■ **YOUR ASSIGNMENT**: Nothing but the lines below from the one that contains "a view of a" through the one that contains "Dates fruit on" should be retyped, exactly and including both ends. Do not include pictures.

■ **EXERCISE DATA**:
=== Begin Enclosure ===

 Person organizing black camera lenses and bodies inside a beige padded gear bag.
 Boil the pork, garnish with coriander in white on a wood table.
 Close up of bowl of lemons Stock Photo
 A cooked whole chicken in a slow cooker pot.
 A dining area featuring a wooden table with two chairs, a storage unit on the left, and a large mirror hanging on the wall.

=== End Enclosure ===
=== Begin Enclosure ===

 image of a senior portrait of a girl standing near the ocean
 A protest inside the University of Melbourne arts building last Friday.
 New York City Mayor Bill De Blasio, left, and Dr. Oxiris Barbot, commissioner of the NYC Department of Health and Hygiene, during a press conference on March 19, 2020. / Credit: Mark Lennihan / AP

=== End Enclosure ===
=== Begin Enclosure ===

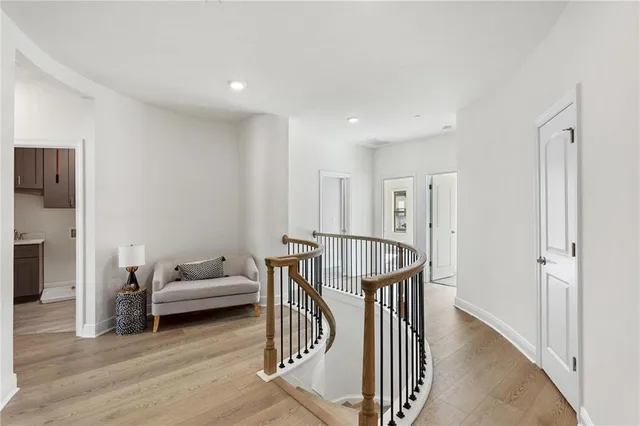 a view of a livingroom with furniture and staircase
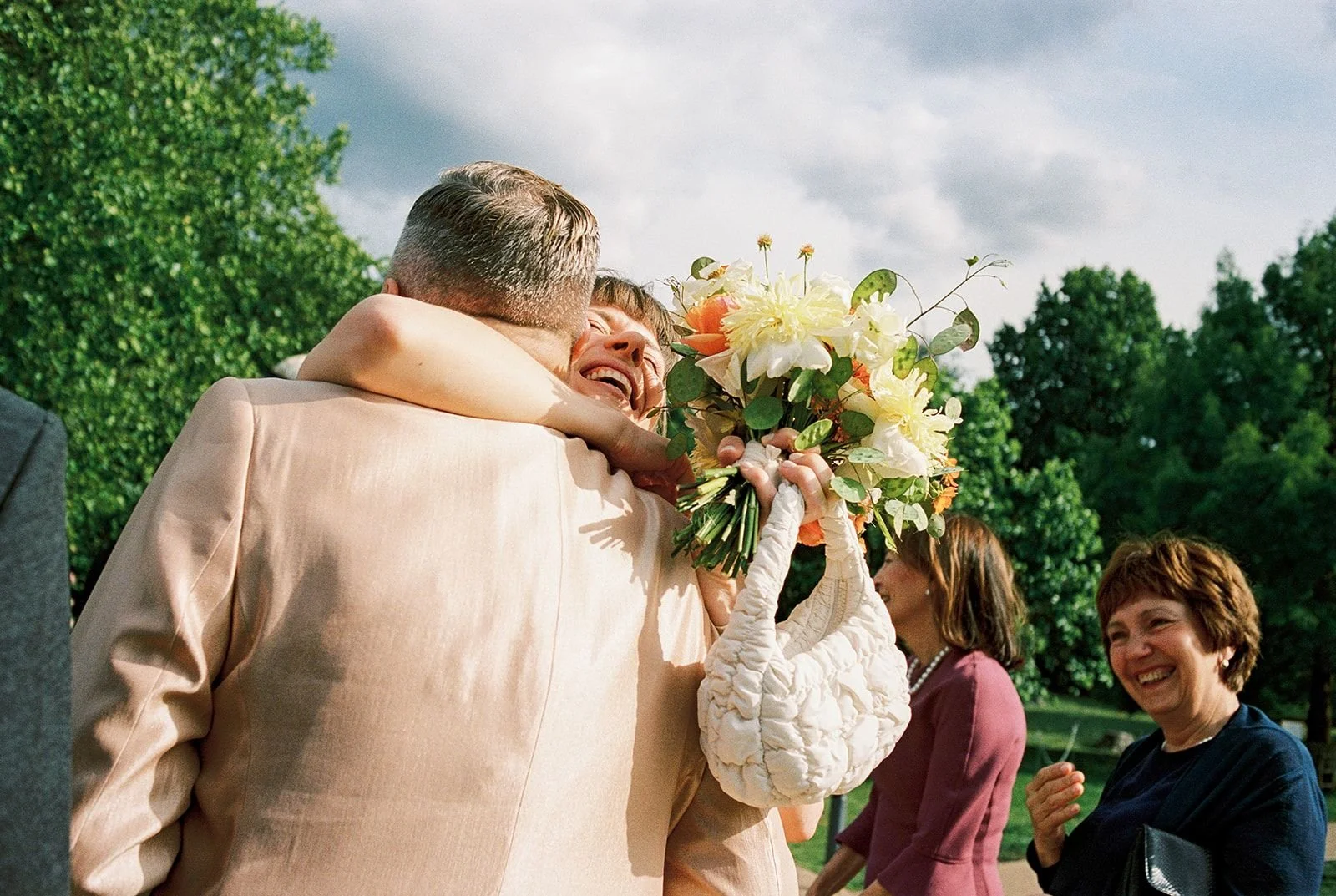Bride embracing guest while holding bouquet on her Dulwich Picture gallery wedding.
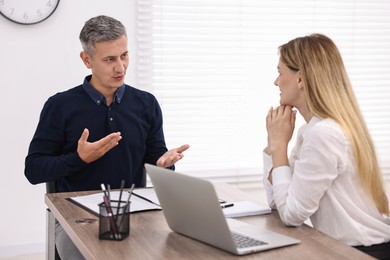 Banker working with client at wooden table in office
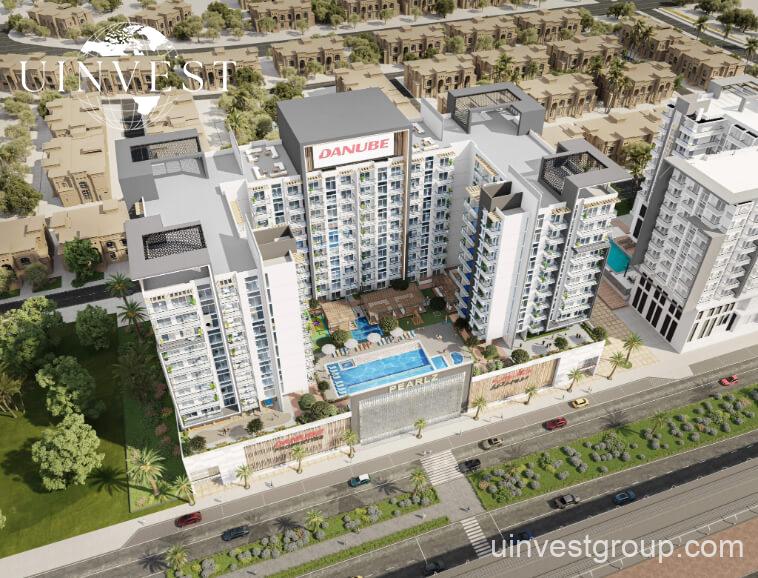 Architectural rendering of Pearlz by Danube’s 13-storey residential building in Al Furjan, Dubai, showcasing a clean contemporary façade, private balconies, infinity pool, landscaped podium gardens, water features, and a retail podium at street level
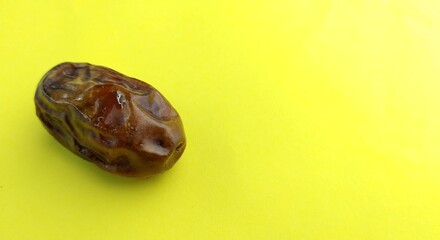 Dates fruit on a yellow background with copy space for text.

=== End Enclosure ===

■ **TASK OUTPUT**:
 a view of a livingroom with furniture and staircase
Bride embracing guest while holding bouquet on her Dulwich Picture gallery wedding.
 Banker working with client at wooden table in office
 Architectural rendering of Pearlz by Danube’s 13-storey residential building in Al Furjan, Dubai, showcasing a clean contemporary façade, private balconies, infinity pool, landscaped podium gardens, water features, and a retail podium at street level
 Dates fruit on a yellow background with copy space for text.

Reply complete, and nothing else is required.